Puzzle #3 was probably the best of the bunch because it was a deceptively simple logic game. The clue was a bullet point list of the prisoners’ daily routine and the question, “Where are the inmates now? Go there and find the missing F.”
Players with sharp eyes quickly noticed a broken clock in the back of the control room that read 7:40. A glance at the schedule then directed them to the prison dining room.
The dining room itself was empty, except for bowls of paperclips. There was nothing added or taken away. Again, this game relied on attention to detail. The solution could be found in the back of the room on the list of available foodstuffs. “Coffee” had a missing F.
THE FOURTH PUZZLE
CLUE: “Who wrote the book that Percy checked out on May 21, 1960?”
ANSWER: “Walt Whitman”
The final puzzle was actually a bit underwhelming. As with the first puzzle, this one was basically a gimmie. The clue was “Who wrote the book that Percy checked out on May 21, 1960.” A quick trip to the library held the answer. The book was, “Leaves of Grass and other Poems,” a very famous collection by Walt Whitman.
THE GRAND FINALE
ANSWER: “Yellow Hammer Case File Requst”
After finishing the four puzzles, players lined up letters from each answer for a final fill-in-the-blank, spelling out “Yellow Hammer Case File Request.” This request was taken back to the control room where the ‘Head of Security’ examined the guidebook, then give players a stamp reading, “Clearance Approved Report to Infirmary.

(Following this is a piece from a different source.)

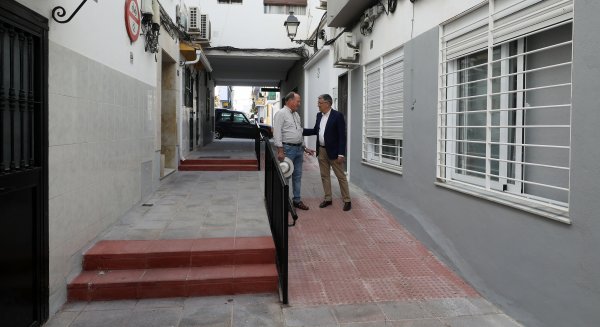 El Ayuntamiento ejecuta la remodelación integral en el Pasaje Peña de San Pedro Alcántara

Once players arrived at the infirmary, they were hassled by still another ‘Guard’ before walking up the stairs to a legitimately creepy room where a delightfully hammy ‘Doctor’ gave them a brief once over and a copy of Percy’s missing file.
The Alcatraz Scavenger Hunt was a near-perfect example of an Alternate Reality Game. Whereas many ARGs focus entirely on fiction, this game cleverly overlaid reality and make-believe, meshing them together to draw the player into the larger mystery. Actual elements of history were retconned into clues. The age and weight of the prison blurred the lines as players examined real pieces of American history as part of the fictional puzzle. Lesser games have added to the physical world in order to create clues, this one never betrayed the premise and thus felt more real.

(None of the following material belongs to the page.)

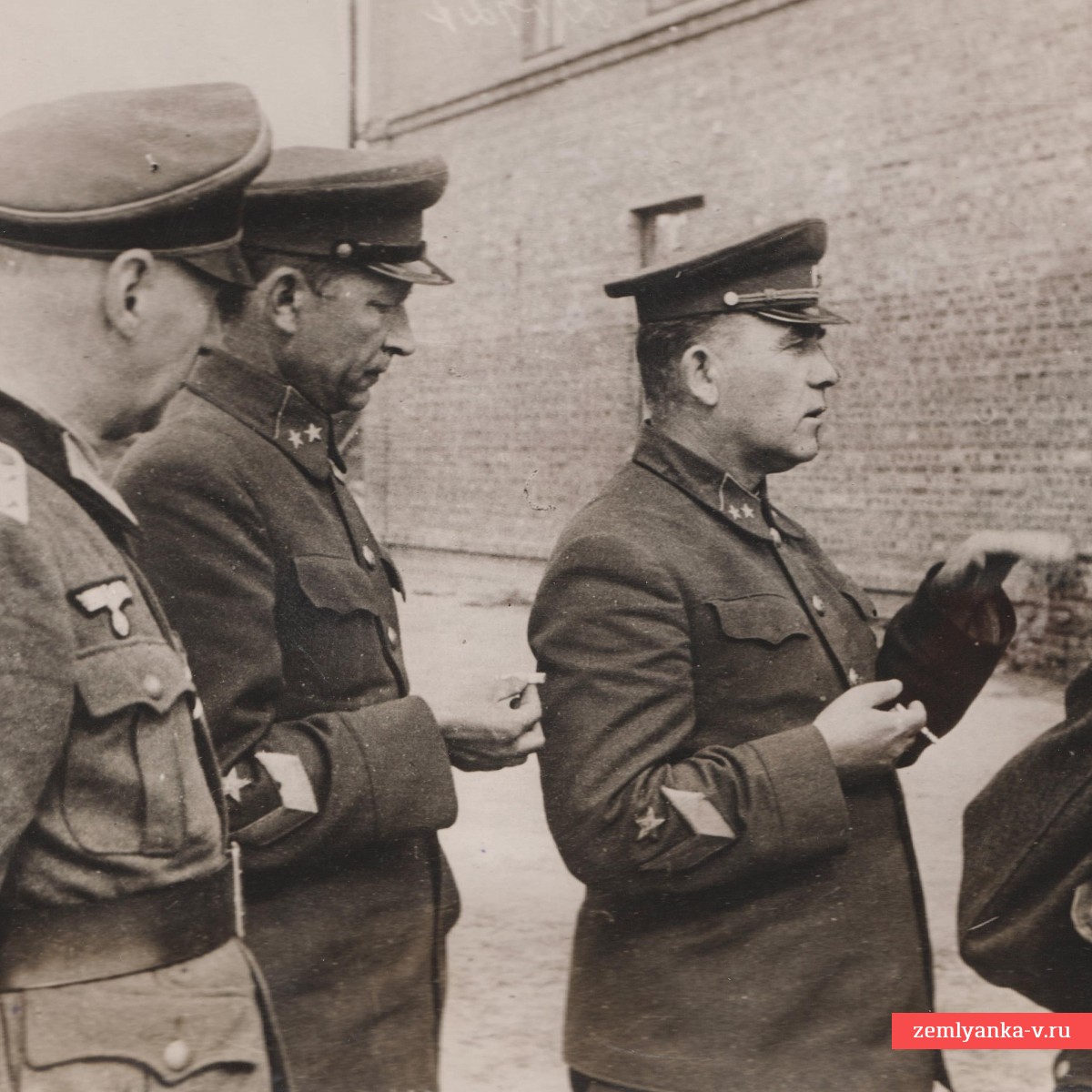 Пресс-фото пленных генералов РККА П. Понеделина и Н. Кириллова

The Hyper-Reality was further aided by the various actors playing prisoners, guards and doctors. Players were meeting prisoners face-to-face on opposite sides of cell bars and engaging in faux-prison commerce… In the middle of a real prison. The actors never broke character, but remained friendly enough so as to keep things fun instead of legitimately intimidating. And while it was probably unintentional, the presence of actual security guards and officials further complicated the space between truth and fiction.
The game itself was well designed and exceedingly complex. While the fourth puzzle was a bit too simple and the skyline puzzle was nearly impossible to decipher in the dark, the whole felt like a journey worth taking. I half-expected a game on the level of a restaurant children’s menu, but instead found an immersive experience that combined word games, deductive reasoning, attention to detail, words as symbols and physical exploration. Each puzzle employed a different skill set and a different type of challenge. Someone put in some serious man hours on this and it really shows.

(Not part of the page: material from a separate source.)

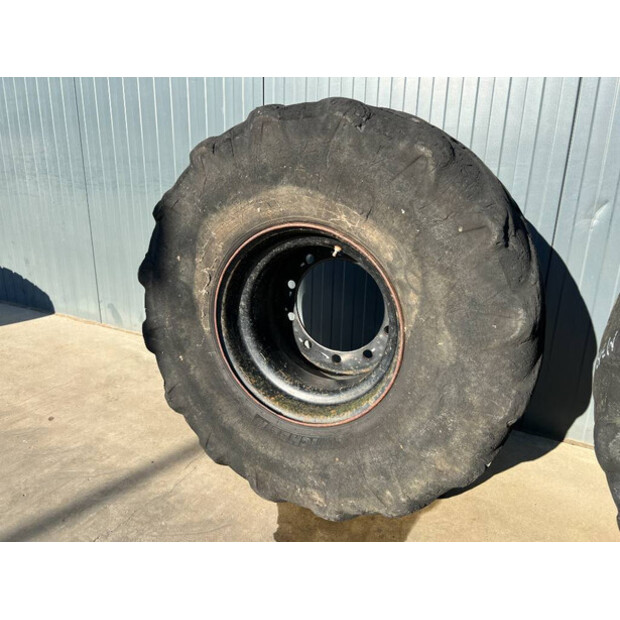 ميشلان 445/70R19.5-46776967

As with most Abrams’ ARG’s, I’m not totally sure how it will fit into the world of the show. The story of a prisoner who stole parts of the Alcatraz prison sign in order to make a sail and escape the island back in 1960 isn’t exactly pertinent to Alcatraz’s supernatural procedural hook, but it is intriguing and it makes me want to know more.
This event was the first of several high profile ARG games that will be held throughout the rest of Alcatraz’s first season. If the others match the ambition and scope of the first, fans are in for a real treat.